### Work instructions
Give back all of the data verbatim.

============

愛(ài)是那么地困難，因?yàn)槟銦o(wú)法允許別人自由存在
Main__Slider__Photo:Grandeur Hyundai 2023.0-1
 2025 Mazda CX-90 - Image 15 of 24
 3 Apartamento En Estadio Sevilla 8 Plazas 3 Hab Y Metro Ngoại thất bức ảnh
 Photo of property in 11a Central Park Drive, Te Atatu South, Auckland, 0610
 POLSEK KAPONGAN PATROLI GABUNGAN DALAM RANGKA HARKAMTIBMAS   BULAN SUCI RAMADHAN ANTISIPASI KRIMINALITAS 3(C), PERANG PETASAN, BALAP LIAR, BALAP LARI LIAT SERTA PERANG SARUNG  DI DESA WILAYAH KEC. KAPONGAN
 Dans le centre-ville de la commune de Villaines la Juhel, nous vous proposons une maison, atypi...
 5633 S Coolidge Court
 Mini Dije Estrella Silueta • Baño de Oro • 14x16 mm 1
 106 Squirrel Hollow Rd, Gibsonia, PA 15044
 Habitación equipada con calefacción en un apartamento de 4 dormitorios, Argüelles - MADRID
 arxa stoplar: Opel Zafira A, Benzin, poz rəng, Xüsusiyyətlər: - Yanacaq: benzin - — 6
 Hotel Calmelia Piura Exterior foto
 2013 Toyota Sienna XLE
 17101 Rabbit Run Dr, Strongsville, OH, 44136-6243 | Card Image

============

### Task response
愛(ài)是那么地困難，因?yàn)槟銦o(wú)法允許別人自由存在
Main__Slider__Photo:Grandeur Hyundai 2023.0-1
 2025 Mazda CX-90 - Image 15 of 24
 3 Apartamento En Estadio Sevilla 8 Plazas 3 Hab Y Metro Ngoại thất bức ảnh
 Photo of property in 11a Central Park Drive, Te Atatu South, Auckland, 0610
 POLSEK KAPONGAN PATROLI GABUNGAN DALAM RANGKA HARKAMTIBMAS   BULAN SUCI RAMADHAN ANTISIPASI KRIMINALITAS 3(C), PERANG PETASAN, BALAP LIAR, BALAP LARI LIAT SERTA PERANG SARUNG  DI DESA WILAYAH KEC. KAPONGAN
 Dans le centre-ville de la commune de Villaines la Juhel, nous vous proposons une maison, atypi...
 5633 S Coolidge Court
 Mini Dije Estrella Silueta • Baño de Oro • 14x16 mm 1
 106 Squirrel Hollow Rd, Gibsonia, PA 15044
 Habitación equipada con calefacción en un apartamento de 4 dormitorios, Argüelles - MADRID
 arxa stoplar: Opel Zafira A, Benzin, poz rəng, Xüsusiyyətlər: - Yanacaq: benzin - — 6
 Hotel Calmelia Piura Exterior foto
 2013 Toyota Sienna XLE
 17101 Rabbit Run Dr, Strongsville, OH, 44136-6243 | Card Image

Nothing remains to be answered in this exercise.